During the symposium Accelerating Care and Education—Digital Health and Diabetes Support—Patient and Provider Perspectives, four presenters will discuss practical applications of various technologies that have enabled rapid changes to diabetes education and care. The two-hour session, which will include a live video question-and-answer period, begins at 2:15 p.m. ET Monday, June 28.
Kelly M. Rawlings, MS, Director of Program Design, Vida Health, will share lived experiences that illustrate how technology can bring providers and patients together in less periodic and more continuous ways. Technology—be it a flash glucose monitor, data-sharing platform, diabetes management app with health coaching, or video call allowing for a visual check of a lumpy infusion site—isn’t magic, Rawlings said, but a tool that creates connections.
“The small, randomized control trials of digital diabetes management and education platforms and programs reveal a common qualitative theme: Participants perceive feeling connected continuously with a human who cares,” Rawlings said. “It’s not necessarily the super-slick interface or a gamified experience that seem to matter, but the tech-enabled, human-care connection.”
Technology-enabled care and education aids certainly aren’t new, but the COVID-19 pandemic created many novel interventions, along with improved reimbursement for telehealth services, Rawlings noted. “Natural experiments at warp speed,” she said.
After Rawlings provides a patient’s perspective of diabetes technology, three educational leaders will discuss diabetes care and education innovation in the digital world.
Marci Butcher, RD, LN, CDCES, FADCES, Quality Diabetes Education Initiative Coordinator/Consultant, Montana Diabetes Program, Montana Department of Public Health and Human Services, will discuss Montana’s use of telehealth technology for diabetes self-management education and support (DSMES) services.
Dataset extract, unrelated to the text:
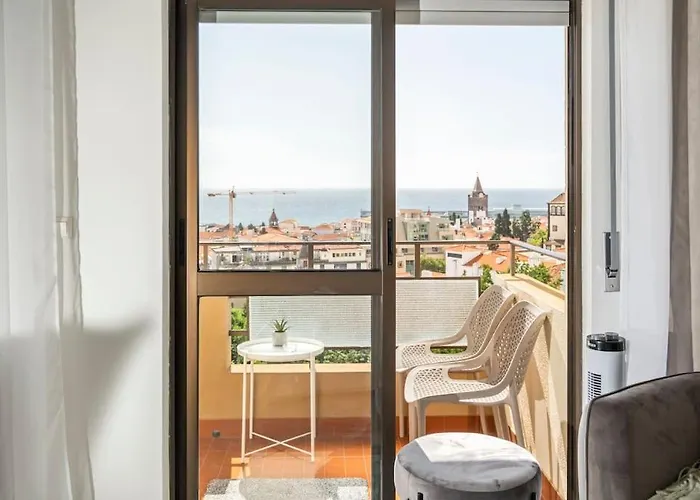 Super Platinum פונשל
The state has used telehealth to reach people in rural communities for many years, Butcher said, but COVID-19 showed decisively that telehealth provides a unique opportunity to reach people where they live, regardless of their ZIP code. But to reach telehealth’s full potential, the diabetes community must advocate for legislation that will make the telehealth waivers that were introduced during the pandemic permanently available, she said.
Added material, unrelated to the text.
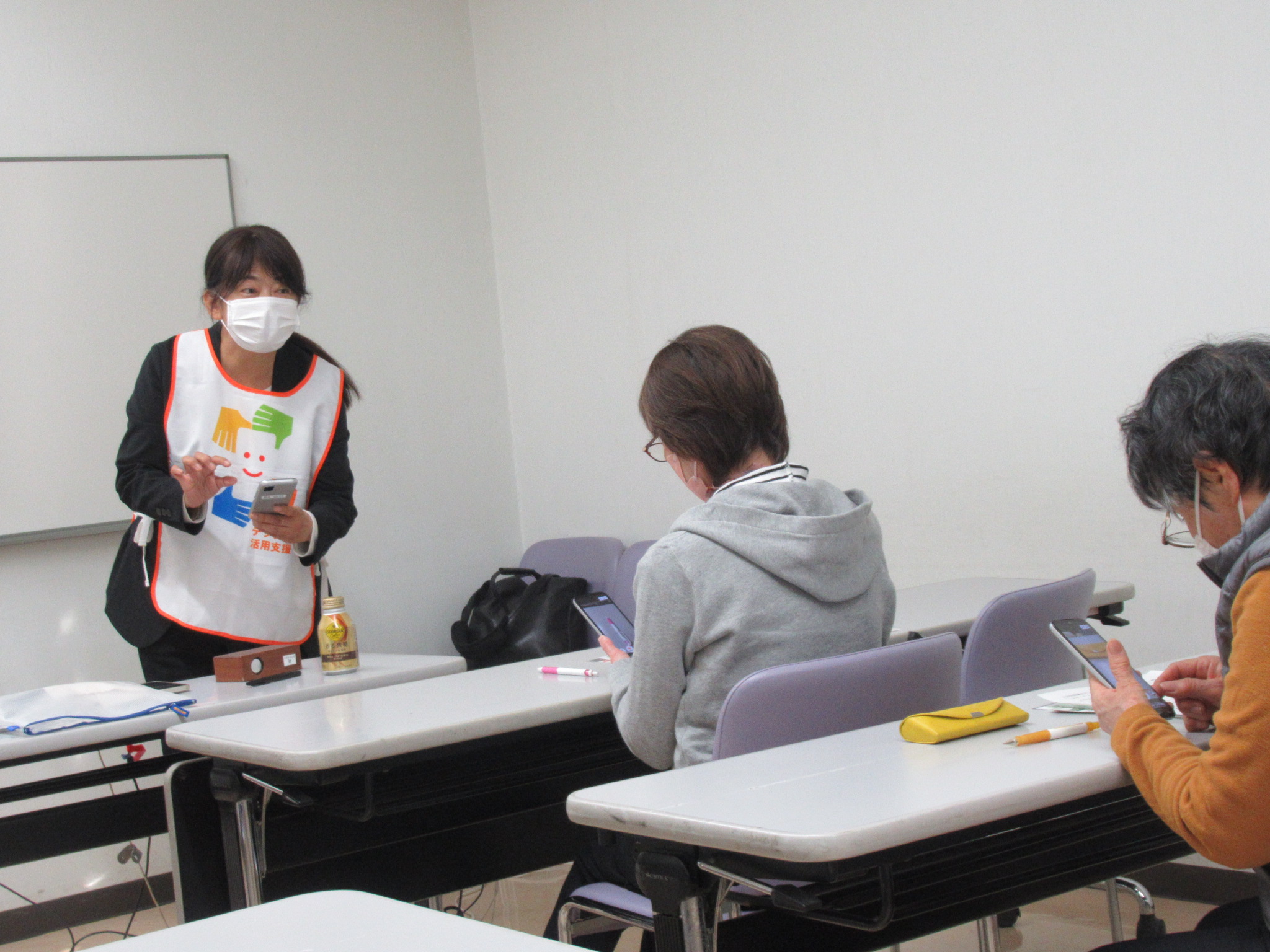 写真：スマホ教室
Butcher also will share lessons learned about delivering engaging and effective DSMES services.
“Telehealth isn’t just simply delivering the same old DSMES services through a screen,” Butcher said. “We have to embrace not just the technology piece, but delivering the meaningful experience of DSMES.”
Also during the session, Patricia Hathway Montesinos, MSN, APRN, FNP-BC, BC-ADM, CDCES, MedStar Health, will discuss the use of technology to enable transitions in care by connecting the diabetes management care team. And Ilias (Elias) Spanakis, MD, CDCES, Associate Professor, University of Maryland School of Medicine, will discuss the use of continuous glucose monitoring for hypoglycemia mitigation in the inpatient setting.